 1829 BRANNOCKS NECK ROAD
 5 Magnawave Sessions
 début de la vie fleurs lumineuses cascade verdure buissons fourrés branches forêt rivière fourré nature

- _Task description_
Each line, starting with the one that holds "5 Magnawave Sessions" and ending with the last line of the listing, is to be restated exactly.

- _Answer_
 5 Magnawave Sessions
 début de la vie fleurs lumineuses cascade verdure buissons fourrés branches forêt rivière fourré nature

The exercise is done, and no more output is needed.